Securing airway, in particular, is risky in these patients due to the abnormal airway anatomy and might present as difficult airway during general anesthesia. Limited neck extension, foramen magnum stenosis, a large tongue, large mandible, and atlanto-axial instability can lead to increased difficulty of airway management can lead to difficult mask ventilation, difficulty in glottic opening visualisation and difficult intubation due to narrow nasal passages and nasopharynx.5, 7, 8
Cardiopulmonary problems are common in these patients (restrictive lung diseases, pulmonary hypertension, cor pulmonale etc.).9 Restrictive lung disease presents at an early age due to thoracic dysplasia (rib hypoplasia), thoracic lordosis and thoracic kyphoscoliosis1, 10, 11 and might necessitate further examinations.9
Achondroplastic dwarfs often develop neurological complications due to their bony deformities.12 As far as neuraxial regional anesthesia is considered, it is also technically difficult in these patients because of anatomical abnormalities like narrow spinal canal/stenoses, reduced epidural space, kyphoscoliosis and vertebral body deformities. Any pre-existing neurological abnormalities must have to be documented, particularly before a planned regional anesthesia procedure.13
In addition to this, the known physiologic changes in pregnancy including enlarged breast, airway edema, upper airway capillary engorgement, aorto-caval compression due to a gravid uterus, expanded plasma volume and increased consumption of oxygen can considerably complicate the health status of such patients.14
Epidural anesthesia is a safer choice as compared to the spinal anesthesia because it allows titration of dose of local anesthetic agent. But there can be adverse events like accidental dural punctures, difficulties in advancing the catheter, increased risk of venous puncture, irregular or unpredictable (unpredictably high) spread of anesthesia.
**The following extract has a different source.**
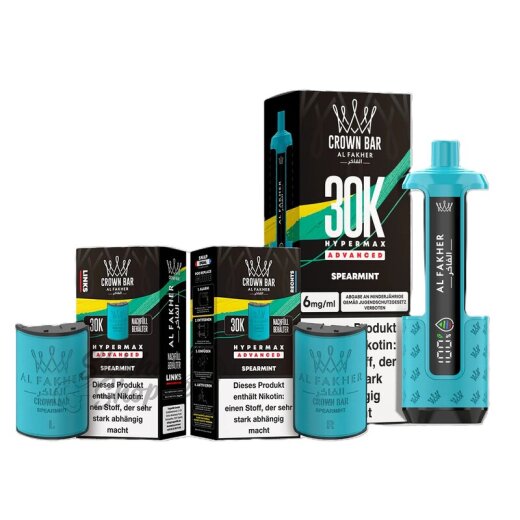 Al Fakher Crown Bar 30K Hypermax Advanced KIT SPARSET - Spearmint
That’s why, sub arachnoid block is supposed to be a relatively better option for lower abdominal and lower limb surgeries in achondroplastic patients. It is easy to administer with slightly less steep learning curve, gives 100% profound block with a predictable level of block and is relatively safer for the patient of all adult age groups.
Conclusion
In spite of these possible difficulties, we were able to successfully manage the case in spinal anesthesia. Our objective was to minimize peri-operative complications while deciding the best course of management, for both maternal and neonatal well being. We concluded that the choice of anesthetic technique depends upon patient’s factors and the anesthesiologist expertise. Besides, a multitude of problems encountered in such patients necessitates a careful pre-anesthetic evaluation to warrant patients' safety and affirmative outcomes. In our opinion, spinal anesthesia can be a tangible option for caesarean section in achondroplastic parturients.